Known as one of the founders of digital illustration, John Hersey has created a mural (displayed prominently in our showroom) that uses stylized graphics to convey the complexity of today’s office − a landscape of diverse activities difficult to capture in a single photograph. While this mural evokes language tools, it’s context that matters. Every element of design functions in concert with all of those around it. Color and texture, the furniture and finishes create a visual language. Scale and form are instant communication. Materials such as wood, metal and textiles are tied to the language of sensation and significance.
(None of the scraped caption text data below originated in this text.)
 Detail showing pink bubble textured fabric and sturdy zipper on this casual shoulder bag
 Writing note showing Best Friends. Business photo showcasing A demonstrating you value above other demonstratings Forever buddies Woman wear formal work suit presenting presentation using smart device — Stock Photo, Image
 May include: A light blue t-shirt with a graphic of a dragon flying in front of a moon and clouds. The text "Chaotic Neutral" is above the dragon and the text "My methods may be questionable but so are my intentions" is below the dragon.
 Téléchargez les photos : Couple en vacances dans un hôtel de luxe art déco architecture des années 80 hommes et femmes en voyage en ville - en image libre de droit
Teknion's 2019 showroom considers three types of work cultures − how they differ, how they are alike, how the culture feels and how it is expressed through space design and furniture application. We call these Agile, Aligned and Astute.
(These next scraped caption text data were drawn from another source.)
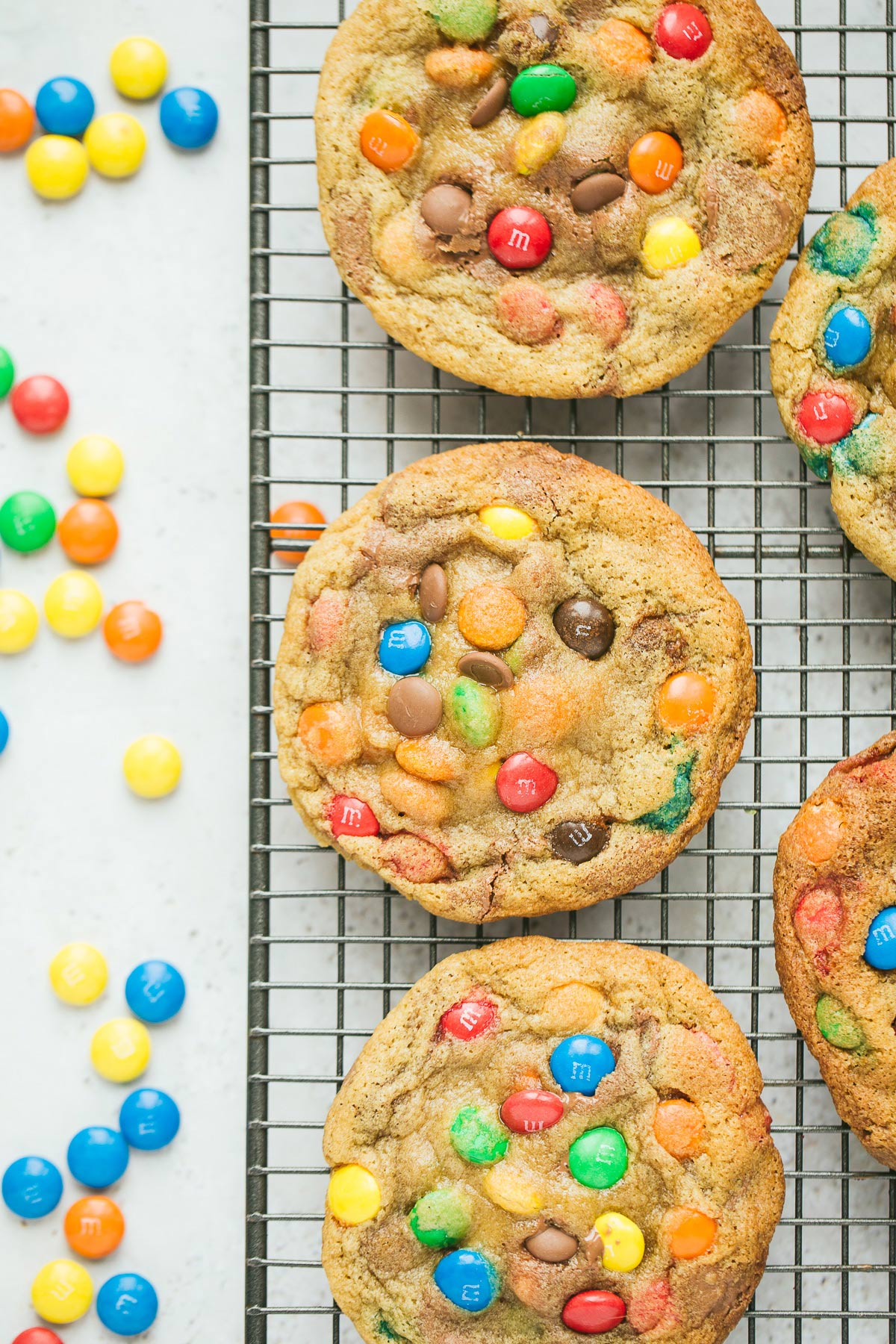 five m&m cookies on a wire rack with m&m candies on the side.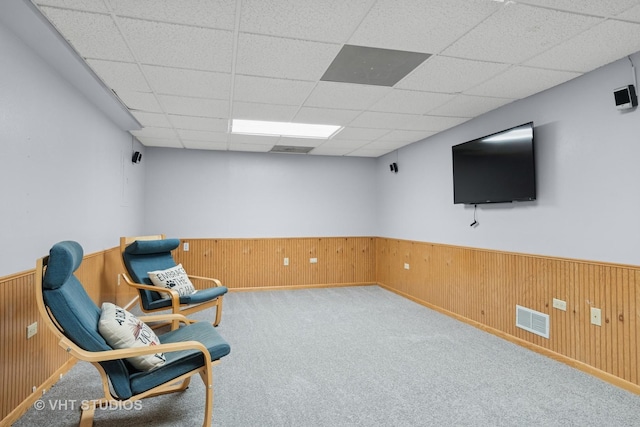 living area featuring visible vents, wood walls, wainscoting, and a drop ceiling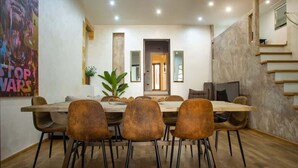A dining area with a long wooden table, six brown chairs, and a potted plant.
The work culture we call Agile thrives on action. In this culture, people move nimbly from one task to another and from place to place without fixed address: exchanging one’s place at a desk to sharing a sofa, from gathering at a table to finding a quiet corner or booth to escape the buzz. Ultimately, the furniture and the space represent a culture that serves people who seek a high level of participation and collaboration.
Stable structure, proven processes and a narrative that informs culture are characteristics of an aligned company culture. An aligned work environment addresses the broad spectrum of work. This is a varied and amenity-rich workplace, one that enables group work and protects privacy. Equally, the design of the office, its format and furnishings, should allow the company to evolve and transform over time.
Prominent, long-established astute companies prove the merit of rigor in doing business, yet many also see value in loosening organizational structures and relaxing the formality of the workplace, if not the work ethic. Rather than building a culture, time-honored companies may lean towards preserving culture, maintaining the norms of behavior and a traditional workplace. At the same time, most leaders know that a healthy culture needs to evolve, to be adroit enough to adapt when change can propel business forward. Many established firms are now looking for creative ways to integrate new workstyles and workplace formats to create a less “stuffy” office.